A good article by Jay Rosen about media coverage of the appointment of a Supreme Court Justice in the US. The story is of two sides of activists doing battle with each other where the battle itself seems to become more important than the issue allegedly at stake. Here’s a snippet:
Reaching for her cliché gun Robin Toner can say “nothing less than a national political campaign had begun,” but she has no idea how it’s supposed to work, either. Everyone parades around as if this mobilization of opposing armies makes perfect political sense, when in fact “all the time and money spent on campaigns may have little influence on the outcome.”
Why does this go on?
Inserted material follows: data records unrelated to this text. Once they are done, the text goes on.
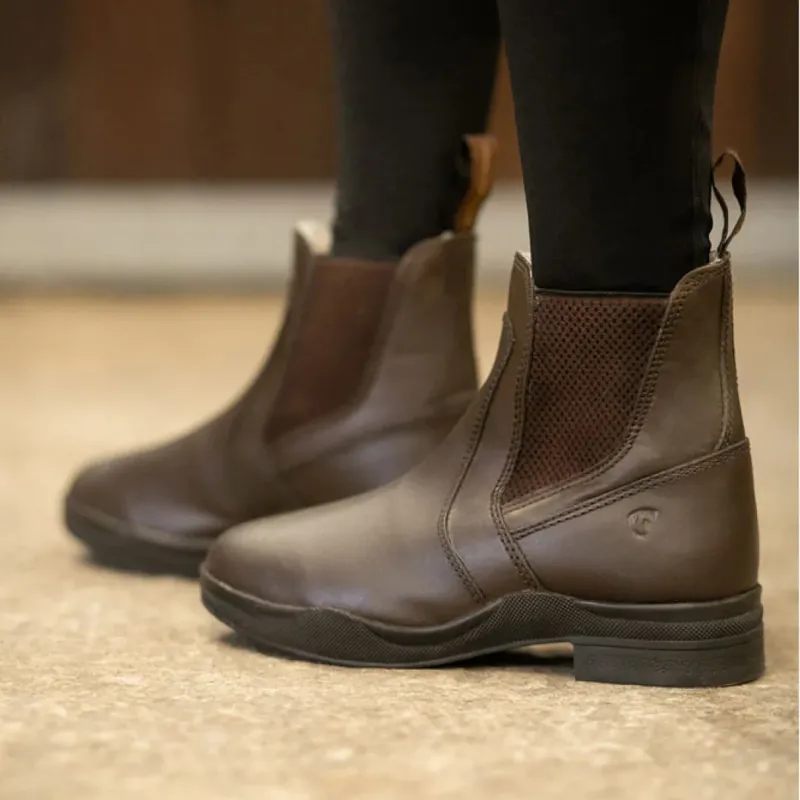 Hy Equestrian Fleece Lined Wax Leather Jodhpur Boot - Brown-2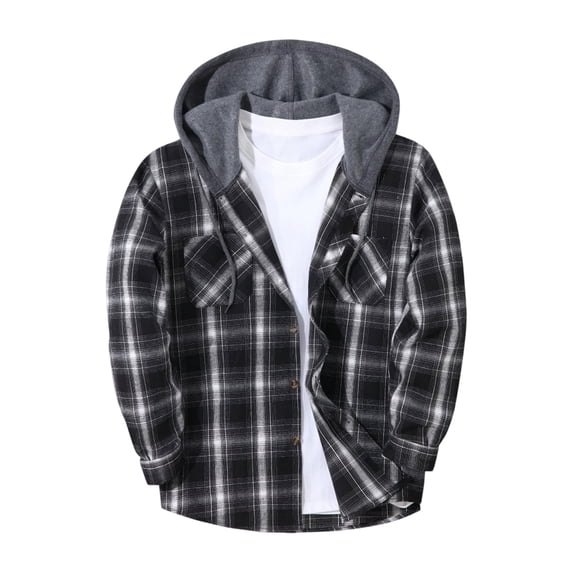 Iaqnaocc Flannel Plaid Hoodie Shirts for Men Long Sleeve Button Down Casual Fashion Classic Fall Jackets for Men Black L
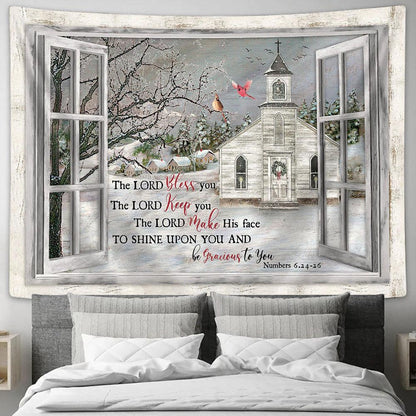 church Cardinal The Lord bless you Tapestry Wall Art - Bible Verse Tapestry - Religious Tapestry Wall Hanging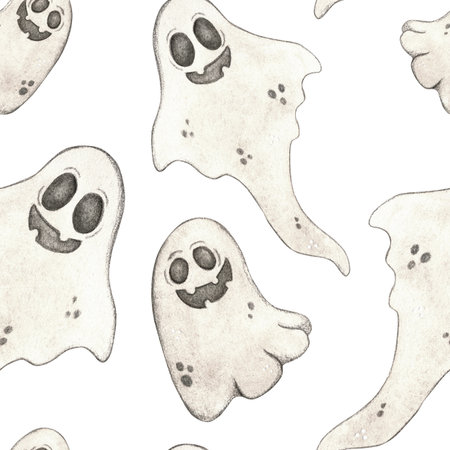 Seamless pattern for halloween from ghosts. Watercolor illustration hand drawn, cartoon. Drawing for ribbons, invitations, banner. October, halloween, holiday, ghost, funの写真素材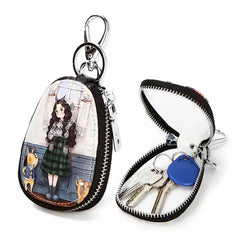 Eiffel Tower Women Girls Key Bag PU Leather Key Wallets Housekeepers Car Key Hol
One reason is that activist groups, by opposing each other, use each other for mutual self-definition. They too don’t know how their e-mail blasts and TV ads are supposed to work. Like spammers, they just send the stuff out. What they know is that the other side will be sending e-mail blasts and running TV ads. Spam must meet spam.
I think there’s a moral here for marketers too. It’s very easy to get sucked into positioning wars in which the focus is on the perceived competitor. What results is that what you have to say gets squeezed out in favour of negating the opposition, and the customer’s needs and interests get forgotten. That mistake of defining ourselves by the other is a great way to stay in conflict with people, burn lots of energy, and end up disconnected from ourselves and the world.
UPDATE: I thought later an example would be good, rather than just a general homily. In the UK, I’d pick on the mobile (cell) phone companies, who seem perpetually engaged in putting forward ever-more complicated pricing plans. It looks like they are all playing against each other, leaving customers bewildered. At some level it works because I give up trying to compare all these deals and stay put – and I think it must create an opportunity for someone to break through.